Extracted records:
────────────────────────────────────────

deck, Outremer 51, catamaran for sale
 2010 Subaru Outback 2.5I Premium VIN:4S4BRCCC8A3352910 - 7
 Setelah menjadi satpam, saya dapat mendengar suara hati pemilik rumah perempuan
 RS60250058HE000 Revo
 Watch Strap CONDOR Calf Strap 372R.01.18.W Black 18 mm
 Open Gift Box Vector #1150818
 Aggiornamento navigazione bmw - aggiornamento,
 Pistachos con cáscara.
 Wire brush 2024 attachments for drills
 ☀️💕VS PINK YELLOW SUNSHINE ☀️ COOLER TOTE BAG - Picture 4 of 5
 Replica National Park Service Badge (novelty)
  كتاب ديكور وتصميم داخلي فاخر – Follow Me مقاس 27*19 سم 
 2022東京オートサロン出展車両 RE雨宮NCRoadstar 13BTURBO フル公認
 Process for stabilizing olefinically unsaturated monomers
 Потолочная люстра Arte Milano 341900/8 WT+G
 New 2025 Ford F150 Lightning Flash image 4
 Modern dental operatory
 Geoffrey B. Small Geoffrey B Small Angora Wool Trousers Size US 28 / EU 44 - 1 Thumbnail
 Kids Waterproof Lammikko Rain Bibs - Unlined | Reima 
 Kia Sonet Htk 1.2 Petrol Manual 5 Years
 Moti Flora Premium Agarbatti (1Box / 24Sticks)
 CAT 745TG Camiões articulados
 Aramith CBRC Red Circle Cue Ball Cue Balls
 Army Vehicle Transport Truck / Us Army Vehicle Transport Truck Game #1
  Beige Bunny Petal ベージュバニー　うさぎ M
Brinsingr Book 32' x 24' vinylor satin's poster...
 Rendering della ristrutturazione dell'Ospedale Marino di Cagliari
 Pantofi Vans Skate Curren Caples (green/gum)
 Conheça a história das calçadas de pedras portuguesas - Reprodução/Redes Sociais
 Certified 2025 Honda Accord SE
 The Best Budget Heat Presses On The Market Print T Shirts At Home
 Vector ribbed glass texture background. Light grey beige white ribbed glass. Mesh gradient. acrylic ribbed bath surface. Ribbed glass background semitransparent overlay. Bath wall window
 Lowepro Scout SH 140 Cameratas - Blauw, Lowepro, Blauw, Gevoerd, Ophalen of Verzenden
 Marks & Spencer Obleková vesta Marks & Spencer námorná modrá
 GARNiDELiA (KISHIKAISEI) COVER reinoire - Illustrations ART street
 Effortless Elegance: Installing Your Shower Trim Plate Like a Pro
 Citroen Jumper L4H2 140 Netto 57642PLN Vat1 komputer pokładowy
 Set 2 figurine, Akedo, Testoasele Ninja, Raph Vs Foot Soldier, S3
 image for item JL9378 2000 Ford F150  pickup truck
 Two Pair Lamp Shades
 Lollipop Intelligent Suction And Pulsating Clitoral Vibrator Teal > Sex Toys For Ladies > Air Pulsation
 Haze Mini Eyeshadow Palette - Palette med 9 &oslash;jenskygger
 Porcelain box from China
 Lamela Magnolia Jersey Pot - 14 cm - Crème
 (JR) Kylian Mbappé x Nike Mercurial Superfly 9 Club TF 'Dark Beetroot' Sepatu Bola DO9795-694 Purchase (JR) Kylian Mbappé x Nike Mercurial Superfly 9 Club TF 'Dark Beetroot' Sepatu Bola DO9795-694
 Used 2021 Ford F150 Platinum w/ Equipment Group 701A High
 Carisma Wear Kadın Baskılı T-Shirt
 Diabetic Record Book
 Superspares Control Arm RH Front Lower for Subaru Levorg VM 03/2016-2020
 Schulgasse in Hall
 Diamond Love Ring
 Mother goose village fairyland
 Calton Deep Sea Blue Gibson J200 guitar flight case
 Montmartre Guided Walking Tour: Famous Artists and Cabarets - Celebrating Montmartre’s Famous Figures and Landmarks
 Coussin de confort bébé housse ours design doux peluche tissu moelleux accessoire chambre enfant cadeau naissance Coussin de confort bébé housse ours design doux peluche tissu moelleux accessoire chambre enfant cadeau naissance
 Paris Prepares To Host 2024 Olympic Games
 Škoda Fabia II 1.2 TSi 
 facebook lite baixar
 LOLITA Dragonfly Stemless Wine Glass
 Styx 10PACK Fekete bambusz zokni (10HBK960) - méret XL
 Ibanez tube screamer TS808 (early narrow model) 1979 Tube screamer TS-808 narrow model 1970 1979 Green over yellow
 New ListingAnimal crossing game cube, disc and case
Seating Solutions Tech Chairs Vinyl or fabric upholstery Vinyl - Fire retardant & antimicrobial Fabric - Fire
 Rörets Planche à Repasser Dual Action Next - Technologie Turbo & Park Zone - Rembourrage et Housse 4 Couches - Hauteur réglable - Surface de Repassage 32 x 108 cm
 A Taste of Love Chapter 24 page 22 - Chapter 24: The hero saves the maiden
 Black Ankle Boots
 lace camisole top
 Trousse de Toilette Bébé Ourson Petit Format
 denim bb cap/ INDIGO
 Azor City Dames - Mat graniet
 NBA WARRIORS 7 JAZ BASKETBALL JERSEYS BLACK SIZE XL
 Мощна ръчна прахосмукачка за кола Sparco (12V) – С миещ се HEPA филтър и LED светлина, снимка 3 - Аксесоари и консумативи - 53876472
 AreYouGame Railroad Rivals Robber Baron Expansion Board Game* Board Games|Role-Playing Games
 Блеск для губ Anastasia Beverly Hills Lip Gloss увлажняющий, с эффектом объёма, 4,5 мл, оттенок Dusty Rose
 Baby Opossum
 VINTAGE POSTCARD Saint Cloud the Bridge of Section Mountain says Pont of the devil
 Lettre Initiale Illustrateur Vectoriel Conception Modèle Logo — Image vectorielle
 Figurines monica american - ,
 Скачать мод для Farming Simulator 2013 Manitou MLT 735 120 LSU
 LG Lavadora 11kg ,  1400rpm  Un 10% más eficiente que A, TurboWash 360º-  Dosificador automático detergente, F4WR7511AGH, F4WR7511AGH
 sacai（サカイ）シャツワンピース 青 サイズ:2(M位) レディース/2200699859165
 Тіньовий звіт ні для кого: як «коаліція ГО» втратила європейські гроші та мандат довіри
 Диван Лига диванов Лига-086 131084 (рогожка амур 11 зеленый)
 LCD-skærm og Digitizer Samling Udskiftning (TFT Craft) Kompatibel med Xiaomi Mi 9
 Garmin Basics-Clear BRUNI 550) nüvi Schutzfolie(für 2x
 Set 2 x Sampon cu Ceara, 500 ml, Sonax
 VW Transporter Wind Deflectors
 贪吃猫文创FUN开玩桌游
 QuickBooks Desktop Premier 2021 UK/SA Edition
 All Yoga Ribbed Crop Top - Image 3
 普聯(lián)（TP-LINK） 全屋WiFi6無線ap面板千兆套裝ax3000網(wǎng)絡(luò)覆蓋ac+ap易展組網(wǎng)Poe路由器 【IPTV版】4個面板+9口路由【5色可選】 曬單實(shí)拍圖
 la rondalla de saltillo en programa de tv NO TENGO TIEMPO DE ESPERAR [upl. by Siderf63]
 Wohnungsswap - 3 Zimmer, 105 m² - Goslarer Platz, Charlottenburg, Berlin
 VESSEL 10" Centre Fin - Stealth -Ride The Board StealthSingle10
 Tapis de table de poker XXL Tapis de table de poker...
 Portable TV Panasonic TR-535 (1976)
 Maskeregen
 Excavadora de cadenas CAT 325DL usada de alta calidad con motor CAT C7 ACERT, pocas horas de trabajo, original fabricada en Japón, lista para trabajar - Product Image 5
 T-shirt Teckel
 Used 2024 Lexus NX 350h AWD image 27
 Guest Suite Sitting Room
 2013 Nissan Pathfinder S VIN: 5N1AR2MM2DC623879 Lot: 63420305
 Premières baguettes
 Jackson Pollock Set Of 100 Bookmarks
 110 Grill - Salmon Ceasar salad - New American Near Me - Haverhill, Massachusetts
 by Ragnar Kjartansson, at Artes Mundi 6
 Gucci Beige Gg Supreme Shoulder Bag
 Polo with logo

────────────────────────────────────────

The task:
Start with the first line of the data and print every line exactly. The line containing "Geoffrey B. Small" is the last one to include.

Task result:
deck, Outremer 51, catamaran for sale
 2010 Subaru Outback 2.5I Premium VIN:4S4BRCCC8A3352910 - 7
 Setelah menjadi satpam, saya dapat mendengar suara hati pemilik rumah perempuan
 RS60250058HE000 Revo
 Watch Strap CONDOR Calf Strap 372R.01.18.W Black 18 mm
 Open Gift Box Vector #1150818
 Aggiornamento navigazione bmw - aggiornamento,
 Pistachos con cáscara.
 Wire brush 2024 attachments for drills
 ☀️💕VS PINK YELLOW SUNSHINE ☀️ COOLER TOTE BAG - Picture 4 of 5
 Replica National Park Service Badge (novelty)
  كتاب ديكور وتصميم داخلي فاخر – Follow Me مقاس 27*19 سم 
 2022東京オートサロン出展車両 RE雨宮NCRoadstar 13BTURBO フル公認
 Process for stabilizing olefinically unsaturated monomers
 Потолочная люстра Arte Milano 341900/8 WT+G
 New 2025 Ford F150 Lightning Flash image 4
 Modern dental operatory
 Geoffrey B. Small Geoffrey B Small Angora Wool Trousers Size US 28 / EU 44 - 1 Thumbnail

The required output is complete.